Gov. Mike Easley today launched a new effort by the Department of Revenue to collect $150 million in back taxes during the next two years. In a ceremony held at the State Capitol, Gov. Easley signed into law SB 353 or 'Project Collect Tax' -- an initiative that will focus on collecting overdue individual and corporate taxes.
"This is money that would pay the cost of educating our children, of paving our roads and highways, of keeping our air and our environment clean," Easley said.
Through Project Collect Tax, the Department of Revenue will begin to collect money owed from delinquent taxpayers who have ignored requests for payment and repeated efforts by the Department to reach a reasonable agreement. The new law allows the Department to charge delinquent taxpayers an additional fee that will help cover the costs of collecting these taxes.
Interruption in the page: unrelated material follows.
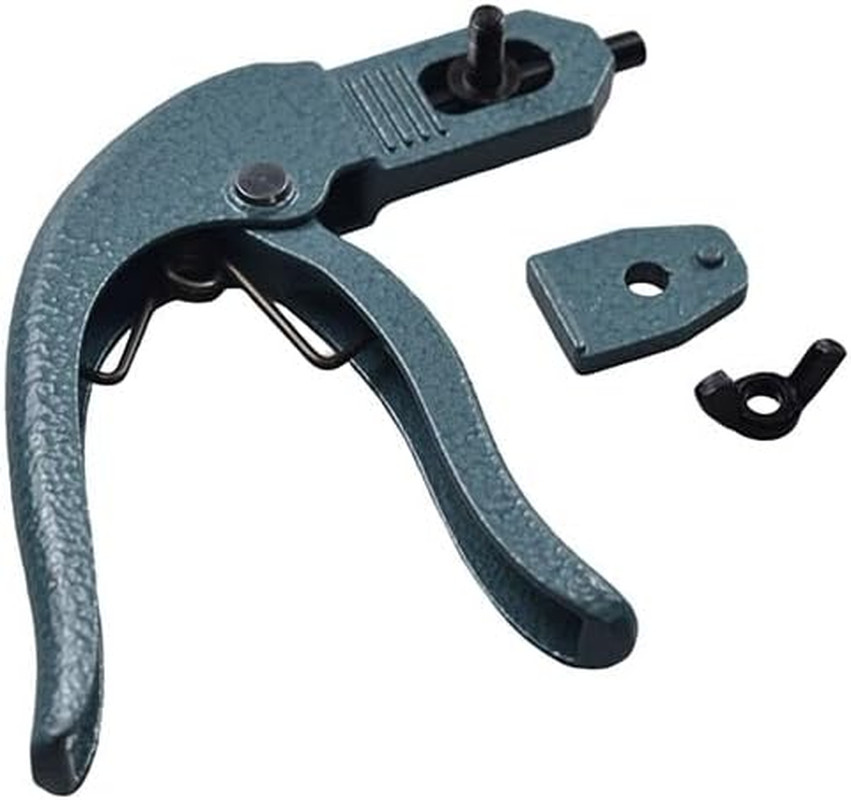 Framon Clean Grip Key Impressioning Tool Kit – Light Blue Starter Set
Starting August 22, 2001, the Department will send a notice to every taxpayer who has an account with the Department that is at least 90 days past due. The Department estimates there are at least 490,000 such accounts and expects to collect $150 million in back taxes over the next two years.
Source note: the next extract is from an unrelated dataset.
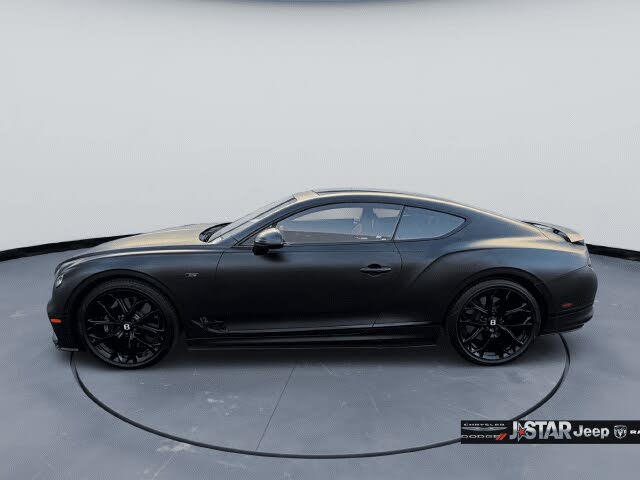 2024 Bentley Continental GT Mulliner W12 AWD photo 7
"Ninety percent of our citizens and businesses pay their taxes on time and according to the law," said Revenue Secretary Norris Tolson. "The other ten percent are forcing us to use honest taxpayers' money to subsidize them. That day is over."
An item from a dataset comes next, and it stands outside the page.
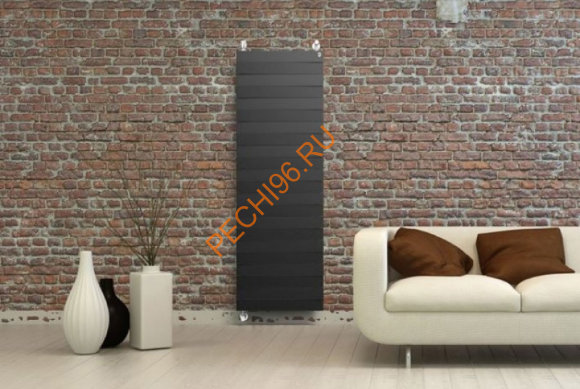 Радиатор биметаллический Royal Thermo PianoForte Tower Noir Sable 18с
Sen. John Kerr, Rep. Gordon Allen, and Rep. Joe Tolson joined Gov. Easley and Secretary Tolson for the bill signing ceremony to kick off the effort.
After receiving a notice from the state Department of Revenue, taxpayers will have 30 days to contact the Department and settle their accounts. After those 30 days, the Department will begin its full-scale effort to collect any funds that have not been paid and a 20 percent collection fee will be imposed. Under Project Collect Tax, taxpayers who already have payment plans with the Department of Revenue to settle tax debts will not have to pay the collection fee.
"We intend to be fair, honest, and straightforward in all our dealings with taxpayers -- just as we always have been," said Tolson. "However we cannot allow the number of unpaid tax accounts to continue to grow. It is not fair to honest taxpayers and it is a disservice to future generations of North Carolinians."